In France the regular gatherings at the king's court produced the distinctive institution of the Parlement, essentially an omnicompetent supreme court that began in the 13th century as a committee of the king's councillors with some expert legal assessors. By the mid-14th century this had become a fully organized and almost wholly professional body with three principal organs—the Grand Chamber, in which the decisions were pronounced; a Chamber of Petitions, which scrutinized appeals and distributed them to the appropriate tribunals; and a Chamber of Inquiry, which carried out the judicial inquiries upon which the final judgment rested. From its position as supreme court, the Parlement came to exercise a wide supervisory power even over the Chamber of Accounts; in this it continued to resemble the English Parliament as it had in its origins. Unlike the English institution, however, its nonprofessional element tended to diminish, and it achieved a substantial measure of independence in the appointment of its officers. But, having no control over financial supply and no representative or political basis, it was rarely capable of serious resistance to royal autocracy. With the collapse of English and Burgundian power in France in the late 15th century, a number of local parlements were created to serve the reunited territories, the earliest being that of Toulouse; in these, however, the crown's right of nomination prevented any serious threat to the legal unity of the realm.

In England the two courts of Common Pleas and King's Bench came to operate as supreme courts, especially for civil cases, while the royal monopoly over serious offenses was chiefly exercised by the itinerant justices of assize; over all these stood the high court of Parliament, which the litigant could petition for redress.

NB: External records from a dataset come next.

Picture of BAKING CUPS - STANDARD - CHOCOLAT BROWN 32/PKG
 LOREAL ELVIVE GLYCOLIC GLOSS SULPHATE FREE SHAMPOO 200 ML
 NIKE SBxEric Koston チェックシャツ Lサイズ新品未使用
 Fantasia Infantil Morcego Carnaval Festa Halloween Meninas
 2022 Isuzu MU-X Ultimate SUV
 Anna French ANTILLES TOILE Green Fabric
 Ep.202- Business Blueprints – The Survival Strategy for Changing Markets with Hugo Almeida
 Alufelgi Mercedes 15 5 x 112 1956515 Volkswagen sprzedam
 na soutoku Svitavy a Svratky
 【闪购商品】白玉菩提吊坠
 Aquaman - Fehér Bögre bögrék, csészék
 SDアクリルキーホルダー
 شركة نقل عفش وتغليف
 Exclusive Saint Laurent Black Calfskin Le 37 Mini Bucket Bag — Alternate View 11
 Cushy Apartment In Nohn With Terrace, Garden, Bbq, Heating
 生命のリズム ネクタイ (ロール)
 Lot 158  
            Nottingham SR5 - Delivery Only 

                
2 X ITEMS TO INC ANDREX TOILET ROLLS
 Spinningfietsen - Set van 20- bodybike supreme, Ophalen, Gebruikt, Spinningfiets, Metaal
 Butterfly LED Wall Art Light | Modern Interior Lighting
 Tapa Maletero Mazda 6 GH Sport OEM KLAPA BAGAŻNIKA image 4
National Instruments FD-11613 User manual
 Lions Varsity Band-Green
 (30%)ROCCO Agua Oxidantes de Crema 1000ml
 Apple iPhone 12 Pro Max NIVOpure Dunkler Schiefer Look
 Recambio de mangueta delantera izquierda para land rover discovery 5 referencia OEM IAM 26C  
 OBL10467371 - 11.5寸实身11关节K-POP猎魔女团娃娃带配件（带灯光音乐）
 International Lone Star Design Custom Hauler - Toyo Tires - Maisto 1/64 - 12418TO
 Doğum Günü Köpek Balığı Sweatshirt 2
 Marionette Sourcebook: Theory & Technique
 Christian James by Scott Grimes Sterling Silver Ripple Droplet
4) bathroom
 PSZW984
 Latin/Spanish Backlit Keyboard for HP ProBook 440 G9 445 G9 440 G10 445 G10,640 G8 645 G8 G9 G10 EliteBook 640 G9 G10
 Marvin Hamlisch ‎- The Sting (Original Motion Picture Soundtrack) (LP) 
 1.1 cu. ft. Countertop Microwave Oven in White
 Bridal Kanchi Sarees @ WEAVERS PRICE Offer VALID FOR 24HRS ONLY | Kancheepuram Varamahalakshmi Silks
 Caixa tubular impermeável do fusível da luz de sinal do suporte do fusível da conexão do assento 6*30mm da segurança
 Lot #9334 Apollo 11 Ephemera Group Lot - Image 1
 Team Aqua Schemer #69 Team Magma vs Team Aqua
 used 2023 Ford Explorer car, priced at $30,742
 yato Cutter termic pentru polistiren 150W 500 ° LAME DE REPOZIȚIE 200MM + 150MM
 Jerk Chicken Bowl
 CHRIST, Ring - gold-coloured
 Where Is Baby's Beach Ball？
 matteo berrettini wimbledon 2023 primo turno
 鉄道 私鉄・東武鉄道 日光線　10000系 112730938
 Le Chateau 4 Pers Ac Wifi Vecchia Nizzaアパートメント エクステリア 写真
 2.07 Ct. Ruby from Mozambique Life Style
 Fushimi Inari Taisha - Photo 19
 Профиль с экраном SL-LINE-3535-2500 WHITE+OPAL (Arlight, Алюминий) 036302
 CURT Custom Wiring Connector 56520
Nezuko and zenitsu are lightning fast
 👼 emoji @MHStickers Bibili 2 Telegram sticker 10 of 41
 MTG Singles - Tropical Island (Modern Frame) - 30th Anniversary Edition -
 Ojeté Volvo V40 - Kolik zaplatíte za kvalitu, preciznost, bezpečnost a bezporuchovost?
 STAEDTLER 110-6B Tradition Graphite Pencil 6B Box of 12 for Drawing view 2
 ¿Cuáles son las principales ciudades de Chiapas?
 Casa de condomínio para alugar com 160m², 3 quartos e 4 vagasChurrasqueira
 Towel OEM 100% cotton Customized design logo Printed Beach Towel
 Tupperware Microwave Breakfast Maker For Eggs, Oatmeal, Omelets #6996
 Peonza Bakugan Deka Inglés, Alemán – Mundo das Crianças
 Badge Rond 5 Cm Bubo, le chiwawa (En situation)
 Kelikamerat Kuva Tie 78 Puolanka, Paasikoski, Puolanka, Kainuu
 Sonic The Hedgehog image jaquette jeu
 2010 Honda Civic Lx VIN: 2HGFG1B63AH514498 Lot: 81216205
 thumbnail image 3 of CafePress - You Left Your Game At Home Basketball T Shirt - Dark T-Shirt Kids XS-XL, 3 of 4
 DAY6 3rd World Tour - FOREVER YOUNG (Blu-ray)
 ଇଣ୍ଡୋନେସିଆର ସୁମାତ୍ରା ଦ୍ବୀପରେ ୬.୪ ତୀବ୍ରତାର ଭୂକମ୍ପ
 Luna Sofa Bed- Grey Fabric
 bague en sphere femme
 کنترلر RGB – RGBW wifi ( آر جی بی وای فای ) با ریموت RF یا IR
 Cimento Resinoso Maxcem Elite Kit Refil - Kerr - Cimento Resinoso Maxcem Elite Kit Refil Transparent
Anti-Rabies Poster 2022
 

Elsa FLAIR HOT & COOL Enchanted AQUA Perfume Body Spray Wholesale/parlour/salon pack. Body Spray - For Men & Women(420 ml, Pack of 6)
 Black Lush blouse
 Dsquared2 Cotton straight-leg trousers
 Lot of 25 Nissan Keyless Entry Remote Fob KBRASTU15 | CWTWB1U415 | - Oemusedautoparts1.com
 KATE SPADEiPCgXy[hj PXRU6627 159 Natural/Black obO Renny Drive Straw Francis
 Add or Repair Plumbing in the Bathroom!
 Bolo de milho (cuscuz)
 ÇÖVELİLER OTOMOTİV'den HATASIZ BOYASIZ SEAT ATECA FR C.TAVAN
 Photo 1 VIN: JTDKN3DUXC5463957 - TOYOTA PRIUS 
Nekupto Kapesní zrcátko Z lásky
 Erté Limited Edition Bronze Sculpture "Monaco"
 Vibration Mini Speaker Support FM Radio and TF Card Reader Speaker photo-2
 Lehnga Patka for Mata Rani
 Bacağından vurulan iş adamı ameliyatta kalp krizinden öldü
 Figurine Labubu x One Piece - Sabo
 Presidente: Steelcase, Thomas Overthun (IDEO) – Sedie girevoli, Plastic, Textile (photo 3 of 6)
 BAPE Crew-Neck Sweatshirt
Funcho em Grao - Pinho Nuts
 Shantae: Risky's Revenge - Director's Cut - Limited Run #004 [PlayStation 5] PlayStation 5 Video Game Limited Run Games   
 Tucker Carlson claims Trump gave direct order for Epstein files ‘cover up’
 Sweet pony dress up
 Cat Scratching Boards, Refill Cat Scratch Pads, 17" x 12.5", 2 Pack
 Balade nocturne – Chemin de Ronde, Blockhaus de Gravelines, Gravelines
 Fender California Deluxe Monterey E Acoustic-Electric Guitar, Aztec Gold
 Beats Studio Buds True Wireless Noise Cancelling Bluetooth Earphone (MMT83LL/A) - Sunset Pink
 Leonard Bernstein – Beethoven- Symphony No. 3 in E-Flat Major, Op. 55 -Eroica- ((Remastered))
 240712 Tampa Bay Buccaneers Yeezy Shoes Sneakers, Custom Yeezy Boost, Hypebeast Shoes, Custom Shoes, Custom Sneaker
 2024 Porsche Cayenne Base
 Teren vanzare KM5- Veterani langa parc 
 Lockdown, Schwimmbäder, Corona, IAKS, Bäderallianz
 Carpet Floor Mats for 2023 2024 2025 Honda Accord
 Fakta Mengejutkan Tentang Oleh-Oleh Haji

The judicial authority of the king and the king's council offered the litigant a further source of appeal.

In Germany, political fragmentation prevented the evolution of a law unified by administrative practice, so that the need for a common code was reflected in the formal Reception of Roman Civil Law in 1495, a measure without immediate or widespread practical consequences.

Throughout the medieval period, central courts tended to attract an ever-larger proportion of litigation from the local courts. As a court of appeal, the French Parlement slowly eroded the importance of the local Grands Jours (the solemn sessions of the courts of the earlier great lordships), except in those cases in which these were themselves transformed into parlements at the end of the period. In England, police jurisdiction passed into the hands of justices of the peace, unpaid officials appointed by the crown from among the local landowners. All important civil litigation was conducted in London, leaving the old shire courts, once omnicompetent, only a shadowy existence. The letters of the Paston family show a group of minor Norfolk gentry engaged in a long series of lawsuits that kept the head of the family almost constantly in London as well as employing a considerable number of the professional lawyers who were so characteristic a product of the 14th and 15th centuries, both in France and England. These lawyers were among the earliest literate laity, the first trained secular administrators, and the chief agents of the unification of postmedieval states.

Revenue and taxation

The whole fabric of the centralized state depended on the mobilization of great resources for the crown. Even the earliest rulers had needed a hoard from which to reward their followers and to draw the gifts upon which relations with neighbouring chieftains depended. Such hoards were accumulated by successful plundering and the tribute of subject peoples; they were themselves the great prize of war, as when Charlemagne's forces sacked the Avars' Ring (chief fortress) in 795/796, and the treasure was carried across Europe by the cartload. The rich furniture buried with the ship of a petty king in East Anglia at Sutton Hoo in the 7th century shows how magnificent and how diverse these hoards must have been. With the stabilization of settlement between the 9th and 12th centuries, the pursuit of plunder and tribute became a more marginal enterprise, still actively pursued by the Vikings and the Magyars (and later, in the 9th and 10th centuries, by the German settlers along the eastern frontier) but rarely available to most princes of post-Carolingian Europe. By this time, the fragmentary system of Roman taxation had also broken down, so that the central or royal revenues that existed were mostly those open to any great landowner. For many rulers, these resources were still largely in food rents, which the owners traveled about their estates to consume where they were produced. Throughout the medieval period, these revenues from the king's own estates were an essential element of his power; the extent and distribution of the royal domain were touchstones of his authority.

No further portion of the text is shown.